Billingsley's comments hint at the crisis within the party. Despite its firm hold on the governor's seat and the high-dollar, sometimes high-handed role of conservative super PACs in the recent election, many in the party say it's in danger of losing ground.
Earlier this year, Republicans hoped to win control of the state House of Representatives and make a dent in the Democrat-controlled Senate. With super PACs freed from state campaign contribution limits, they saw the potential to funnel millions into state and local races, as did Democrats.
The spending happened, but the results didn't. Republicans lost ground in the House and did poorly in national races. On top of that, unprecedented spending by conservative super PACs created a profound rift among New Mexico Republicans. Now, the party faces a new question: Can it recover its dominance of state races—or are official party committees an anachronism in the age of super PACs?
Billingsley's election, with nearly 70 percent of the party vote, was a litmus test. He speaks compellingly of the need for change; he's penned op-eds lamenting the top-down nature of campaigns that fail to incorporate "direct personal engagement" with voters.
Many in the old guard of the Democratic and Republican parties are still trying to adjust to the new normal of outside groups spending unlimited cash in campaigns. Even Republicans, who have a legislative history of opposing campaign finance restrictions, are looking for more transparency from super PACs. Although super PACs operating in the state must disclose their donors, disclosure standards do not always answer questions about who's giving, why they're giving and where the money goes.
"Unfortunately, where all the parties are becoming transparent—or need to be transparent—the PACs are not," Billingsley tells SFR. "And that's not always good for the public."
This year, according to campaign finance data filed with the New Mexico Secretary of State's office, Reform New Mexico Now, a super PAC run by top Gov. Susana Martinez adviser Jay McCleskey, raised more than any other political action committee, flooding the state with $2.4 million. The identities of its contributors—including oil companies and wealthy, out-of-state businessmen—are listed on campaign finance reports. But unlike the Republican Party, Reform doesn't hold elections or publish an official platform.

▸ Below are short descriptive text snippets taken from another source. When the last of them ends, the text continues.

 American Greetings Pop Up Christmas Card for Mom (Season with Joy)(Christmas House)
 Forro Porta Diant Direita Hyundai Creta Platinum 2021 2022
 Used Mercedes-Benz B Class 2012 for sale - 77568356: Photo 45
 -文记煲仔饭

Like many super PACs around the country, it is fast, lithe—it formed a week before the primary and may dissolve now that the election is over—and able to raise unlimited funds as long as it remains independent of candidates and official campaigns.

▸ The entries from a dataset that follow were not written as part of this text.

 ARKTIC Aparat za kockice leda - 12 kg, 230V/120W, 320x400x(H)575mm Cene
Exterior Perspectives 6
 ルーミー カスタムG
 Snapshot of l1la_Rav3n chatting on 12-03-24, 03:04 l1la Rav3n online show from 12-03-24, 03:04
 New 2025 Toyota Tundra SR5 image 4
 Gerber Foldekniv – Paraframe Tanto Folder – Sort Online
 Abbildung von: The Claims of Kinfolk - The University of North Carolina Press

In essence, all it takes to influence a race is one well-connected guy who can raise a few hundred thousand dollars. In the online campaign finance system maintained by the New Mexico Secretary of State, there's no way to tell how a super PAC spends that money without combing through each individual report—and no verification that they're real companies [news, June 20: "Black Drops"].

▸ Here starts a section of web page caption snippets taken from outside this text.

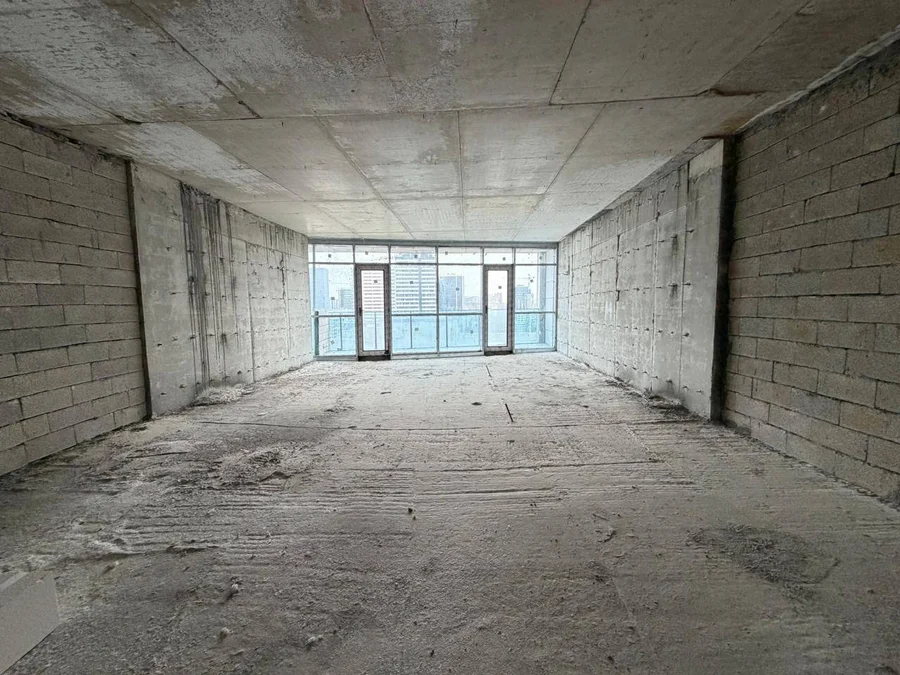 3+1 в Aquamarine Residence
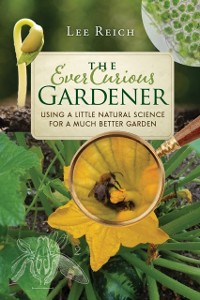 Cover Ever Curious Gardener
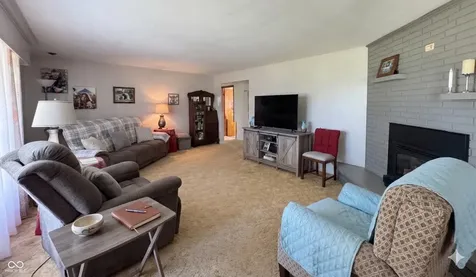 616 Vermillion Court Anderson IN 46012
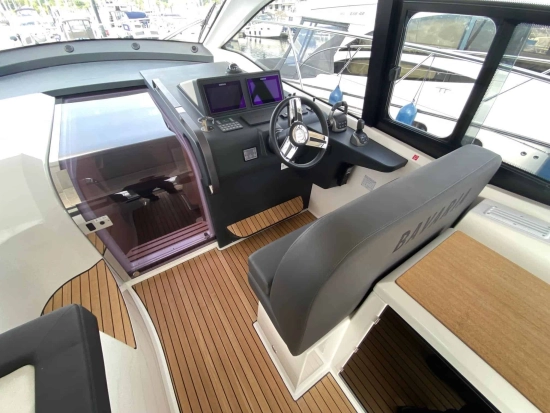 Bavaria Yachts SR41 preowned for sale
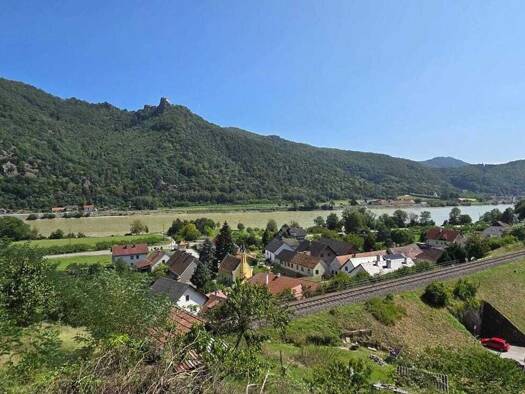 Haus zum Kauf 359.000 € 135,9 m² 2.440 m² Grundstück Aggsbach 3641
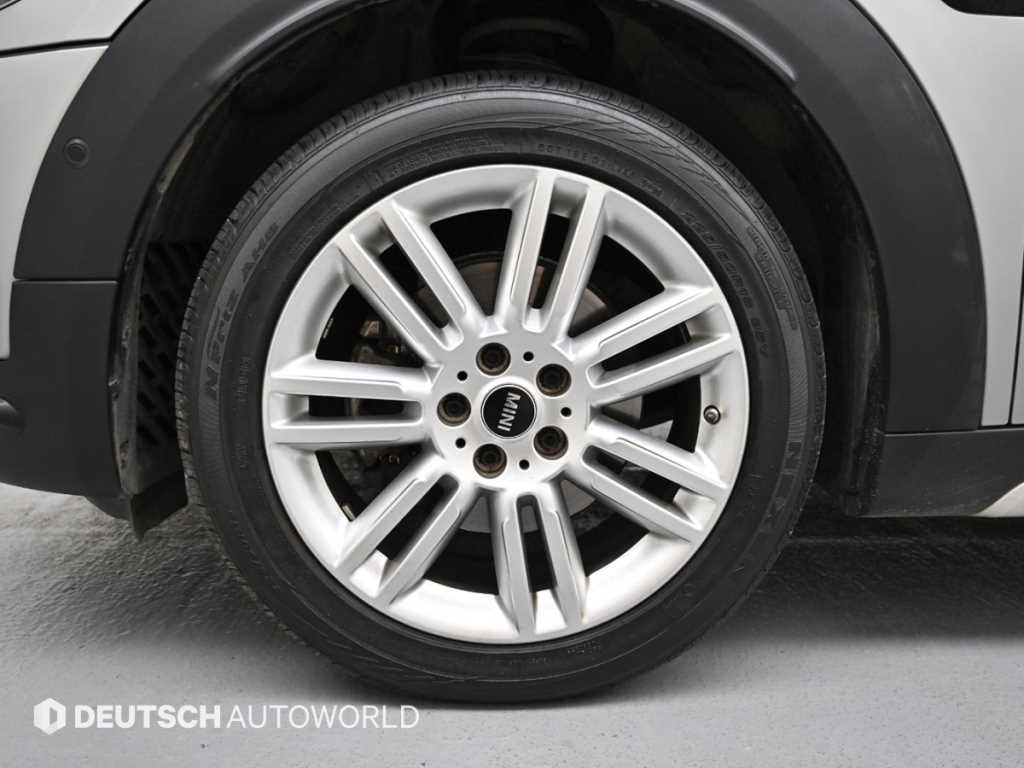 Mini Countryman — photo 05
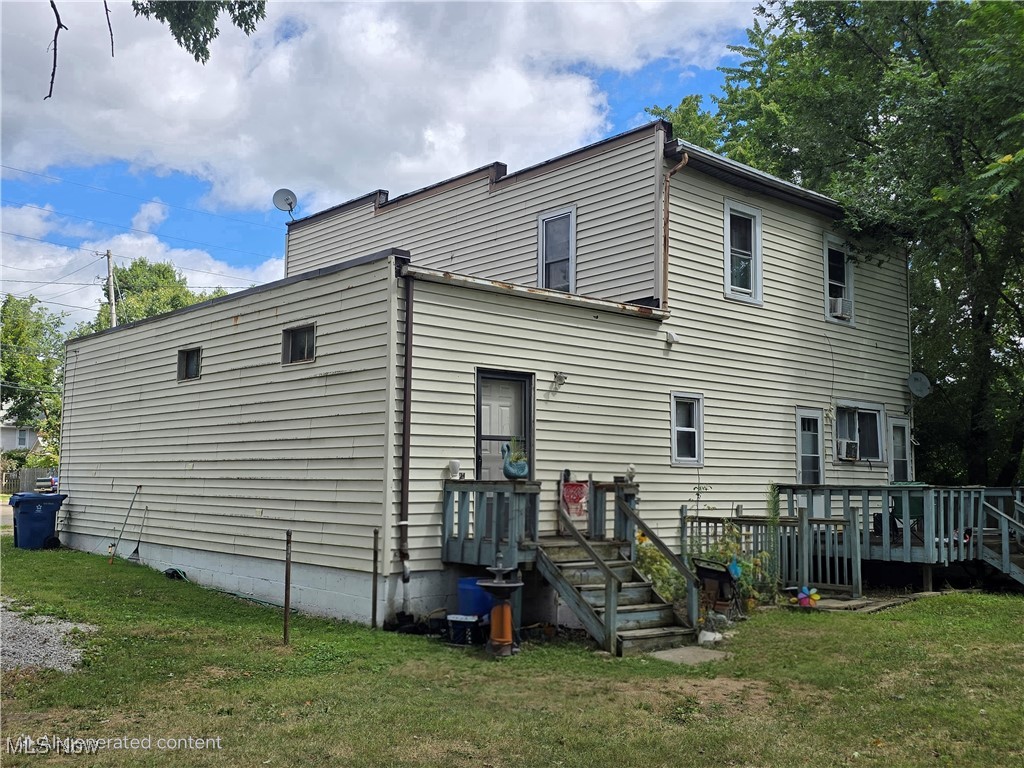 Eastview - Residential Income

All of this can lead to a crisis of confidence in candidates, campaigns and the electoral process.
"I think that's what troubles most people: the lack of transparency," Jamie Estrada, a former US Commerce Department official under George W Bush, tells SFR. Reform, he says, confused some Republicans by undermining certain GOP candidates rather than supporting them.
Estrada says that, if Billingsley lives up to his agenda, the state Republican Party can forge more long-term relationships and work on grassroots development.
But old-fashioned outreach may be no match for super PACs' fundraising abilities. In 2010, political action committees controlled by party officials were the top PAC spenders, according to SFR's analysis. The Republican Campaign Committee of New Mexico spent $1.5 million—the second-most of any PAC that year, after the Republican Governor's Association of New Mexico 2010 PAC, which spent $1.7 million. (The Democratic Party of New Mexico's political committee and the Democratic Governor's Association came in third and fourth.)
Yet just two years later, the system has been upended. This year, two super PACs—Reform and the liberal Patriot Majority New Mexico—topped PAC spending, pouring $2.4 million and $1.3 million into the state, respectively. The RCCNM, by contrast, spent roughly $252,000—a mere fraction of what it did in 2010. The Democratic Party also significantly scaled back its campaign spending.
Martin Suazo, a Democratic Party vice-chairman for the 3rd Congressional District, says the state Democratic Party didn't do a lot for the presidential election this year because it doesn't have the super PACs' ability to "raise mega dollars."
"I most definitely think that super PACs right now and their ability to fundraise are kicking us, you know, all over the place," he says.
As a result, "both parties have been marginalized," says Janice Arnold-Jones, the unsuccessful Republican candidate for New Mexico's 1st Congressional District. "So what this last election showed…is that entities can come in, in the name of a party, literally, and say, 'We're the Democratic Party,' 'We're the Republican Party'—and use the name, but in fact have no stake in the people that that party represents. I think that's a mistake. I think that's a real mistake."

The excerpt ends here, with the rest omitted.